* **WHAT NEEDS TO BE DONE**
Nothing but the lines below, from the first through the line containing "PCGS Trueview Images", should be set down, each one exactly and without pictures.

= = = = = = =

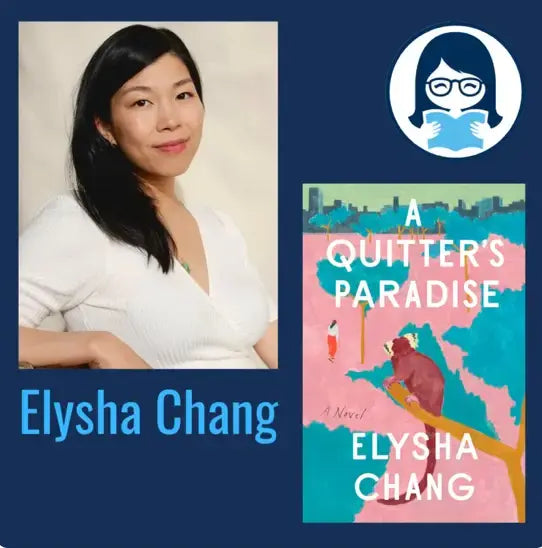 Elysha Chang, A QUITTER'S PARADISE - Zibby Media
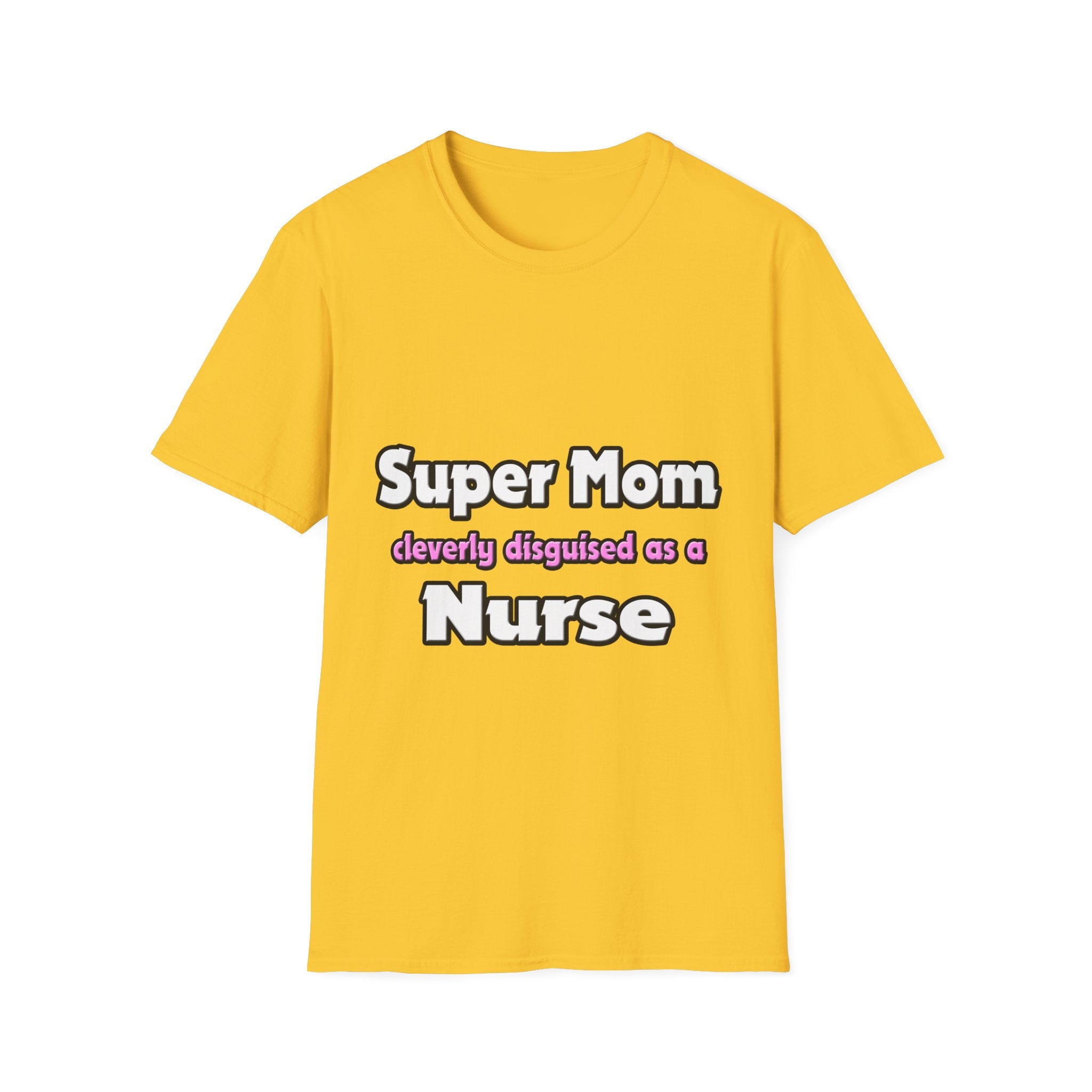 Super Mom ... Nurse - Unisex Softstyle T-Shirt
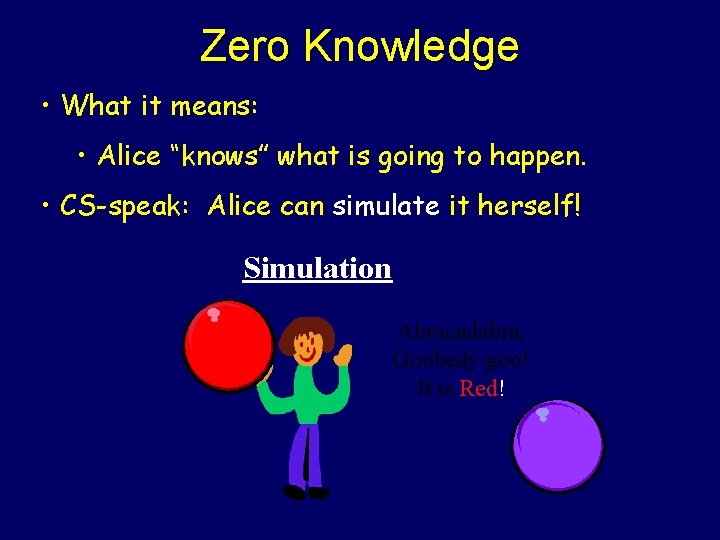 Zero Knowledge • What it means: • Alice “knows” what is going to happen.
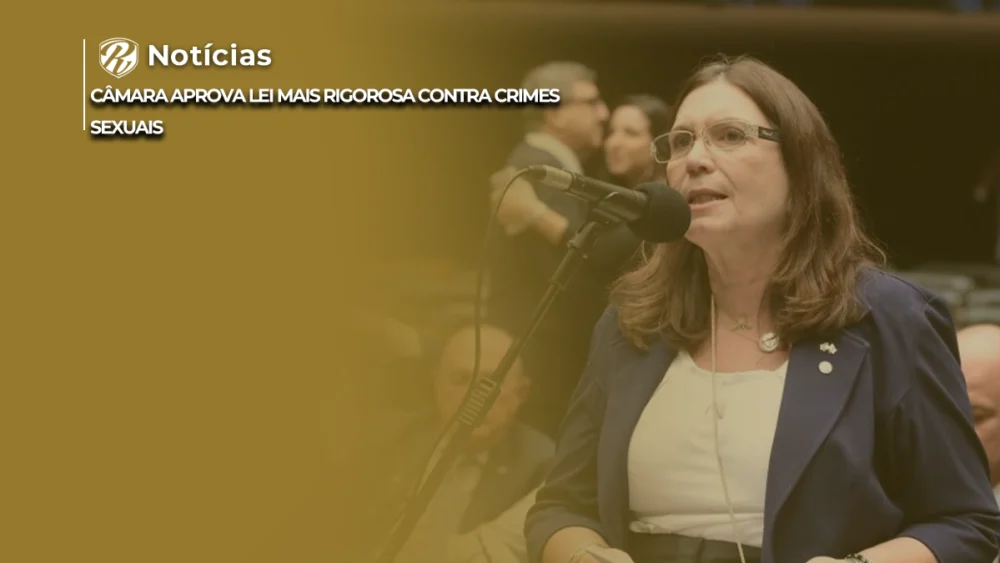 Câmara aprova lei mais dura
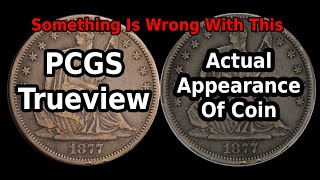 PCGS Trueview Images Doctored Misleading !! PCGS Grade Unboxing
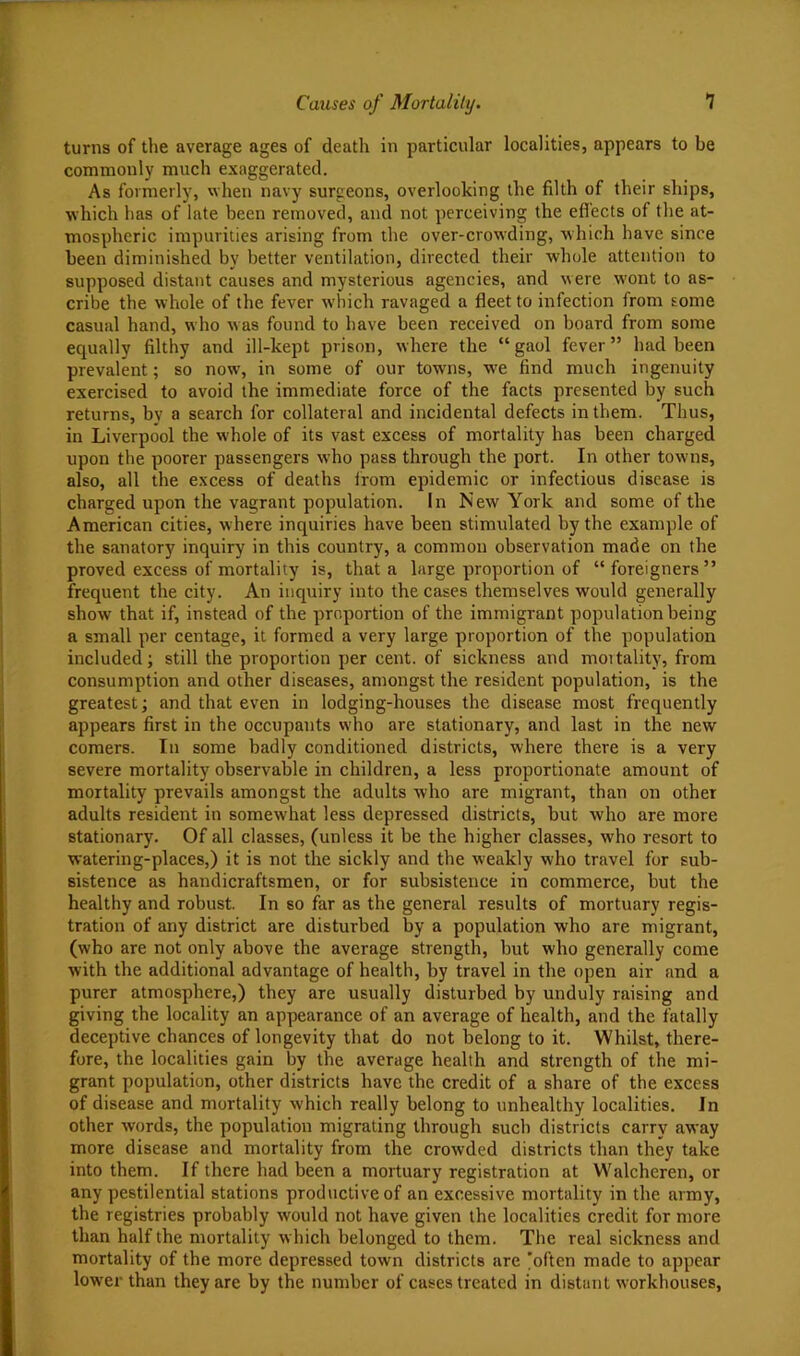 turns of tlie average ages of death in particular localities, appears to be commonly much exaggerated. As formerly, when navy surgeons, overlooking the filth of their ships, which has of late been removed, and not perceiving the efl'ects of the at- mospheric impurities arising from the over-crowding, which have since been diminished by better ventilation, directed their whole attention to supposed distant causes and mysterious agencies, and were wont to as- cribe the whole of the fever wliich ravaged a fleet to infection from some casual hand, who was found to have been received on board from some equally filthy and ill-kept prison, where the “gaol fever” had been prevalent; so now, in some of our towns, we find much ingenuity exercised to avoid the immediate force of the facts presented by such returns, by a search for collateral and incidental defects in them. Thus, in Liverpool the whole of its vast excess of mortality has been charged upon the poorer passengers who pass through the port. In other towns, also, all the excess of deaths from epidemic or infectious disease is charged upon the vagrant population. In New York and some of the American cities, where inquiries have been stimulated by the example of the sanatory inquiry in this country, a common observation made on the proved excess of mortality is, that a large proportion of “foreigners” frequent the city. An inquiry into the cases themselves would generally show that if, instead of the proportion of the immigrant population being a small per centage, it formed a very large proportion of the population included; still the proportion per cent, of sickness and moitality, from consumption and other diseases, amongst the resident population, is the greatest; and that even in lodging-houses the disease most frequently ajjpears first in the occupants who are stationary, and last in the new comers. In some badly conditioned districts, where there is a very severe mortality observable in children, a less proportionate amount of mortality prevails amongst the adults who are migrant, than on other adults resident in somewhat less depressed districts, but who are more stationary. Of all classes, (unless it be the higher classes, who resort to watering-places,) it is not the sickly and the weakly who travel for sub- sistence as handicraftsmen, or for subsistence in commerce, but the healthy and robust. In so far as the general results of mortuary regis- tration of any district are disturbed by a population who are migrant, (who are not only above the average strength, but who generally come with the additional advantage of health, by travel in the open air and a purer atmosphere,) they are usually disturbed by unduly raising and giving the locality an appearance of an average of health, and the fatally deceptive chances of longevity that do not belong to it. Whilst, there- fore, the localities gain by the average health and strength of the mi- grant population, other districts have the credit of a share of the excess of disease and mortality which really belong to unhealthy localities. In other words, the population migrating through such districts carry away more disease and mortality from the crowded districts than they take into them. If there had been a mortuary registration at Walcheren, or any pestilential stations productive of an excessive mortality in the army, the registries probably would not have given the localities credit for more than half the mortality which belonged to them. The real sickness and mortality of the more depressed town districts are 'often made to appear lower than they are by the number of cases treated in distant workhouses,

= = = = = = =

* **SOLVED EXERCISE**
 Elysha Chang, A QUITTER'S PARADISE - Zibby Media
 Super Mom ... Nurse - Unisex Softstyle T-Shirt
 Zero Knowledge • What it means: • Alice “knows” what is going to happen.
 Câmara aprova lei mais dura
 PCGS Trueview Images Doctored Misleading !! PCGS Grade Unboxing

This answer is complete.